Old outstanding purchase orders and sales orders on the system

SOLVED

Good day all,

I need some assistance.

My company is trying to clean their sage 200 system and get it in order. The system has purchase orders on it from 3 years ago where sone have a GRV number but are still sitting as outstanding because no supplier invoice was processed. Some dont have a grv number at all.

If I had to process these so it doesnt sit as outstanding anymore would that affect the accounting part of the system? Or does rhe accounting part get affect once the GRV is done? Im not sure how to do this.

Please can someone advise.

Thank you

Top Replies

  • +1
    verified answer

    Hi

    The best way to get rid of your old/unused outstanding Purchase Orders is to do the following:

    1.Backup the company and ensure all other users are logged out

    2. Go to Order Entry | Maintenance | Cancel Orders - 

    3. In here select the various filters and process the cancellation of orders (Sales and/or Purchase Orders) 

    4. Then go to Order Entry | Purge Orders (Sales and/or Purchase Orders) 

    5. In here select the various filters and process the purging  of orders - this means afterwards you won;t be able to fund any of the purged orders afterwards 

     

    Please also note:

    You stated/asked: 

    If I had to process these so it doesnt sit as outstanding anymore would that affect the accounting part of the system? Or does rhe accounting part get affect once the GRV is done? Im not sure how to do this.
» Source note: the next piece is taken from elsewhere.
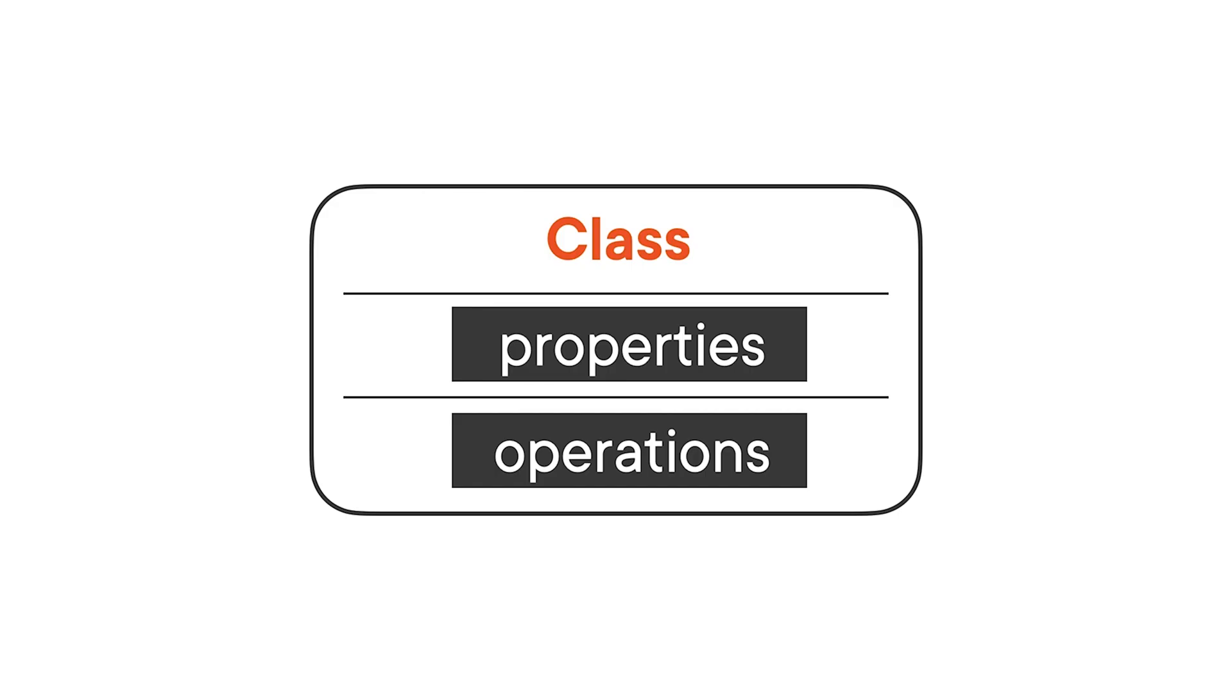Alright, it's time to get our hands dirty. Let's see how we can create classes in Tickle. We've seen that objects are an instance of a class, and a class is a blueprint for creating objects. In this video, we'll see how we can work with classes and create our own objects.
    Answer: The moment you process any outstanding order (PO or SO) then you will affect the Accounting part of the system as the GRV and or Supplier Invoice is processed which means a direct impact on the supplier, stock and GL accounts

    So yes, the following can be confirmed:

    1) By capturing and simply Placing a new SO or PO, now GL, supplier/customer or stock account is affected

    2) But the moment you process the SO/PO the GL, supplier/customer or stock accounts are affected

    Finally: The best advise I can give you is the following:

    1) Restore your company backup as a new database called DEMO  (using MS SQL Management Studio) 

    2) Then locate, open and test as much as possible on any type of query you have. Working in the DEMO DB will ahve no affect on your live company.

    Once you're better skilled, satisfied and confident in working in Evolution you can then repeat the same transactions as required in the live company.